Chapter Text
Before they left California, Lily had already settled into a tentative truce with Nao. She hadn’t forgotten the various things he had done in an attempt to be rid of her; sometimes, while she slept, she dreamt of being alone in the supermarket with starving corpses reaching for her. The girl that she once was before the world fell apart wouldn’t have thought of running right after the man who left her to die, crying and begging him to stay with her anyways even knowing he’d leave her again in a heartbeat. But, then again, she had long since ceased to be that girl the moment she plunged her scalpel in the eye socket of the receptionist.
They had been planning their route on the map for days—Lily spouted some inane lie about keeping it safe for him since he kept all those sharp weapons in his bag, and he had given her an aside glance before he passed the map to her. He knew she needed the map as collateral for him to stay, and she knew he was certain by now she’d never think of leaving him. The map was loaned to her under this uneasy truce.
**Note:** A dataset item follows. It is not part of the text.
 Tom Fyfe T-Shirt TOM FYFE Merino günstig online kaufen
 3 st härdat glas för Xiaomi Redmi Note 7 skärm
“I think we just crossed the state border…” Lily murmured, eyes darting to and fro across the thankfully sparse road. Nao had been particularly careful to select the one least likely to be populated, and his efforts meant there were few undead to be found shambling around besides the one or two that had somehow made it this far.
Nao didn’t speak, eyes focused on the road. She had since grown used to his silence and lost the nerve to fill it up with chatter, so she fixed her gaze out the passenger window—only to catch a glimpse of buildings. Her silent driver slowed down, surveying the area just as she was.
He then parallel parked admirably well and stepped out of the driver’s side. Lily scrambled to unbuckle herself and chase after him, stumbling in the shadow of his footsteps before she crashed into his back. Surprised, she poked her head out from his side and found herself face to face with a shotgun barrel.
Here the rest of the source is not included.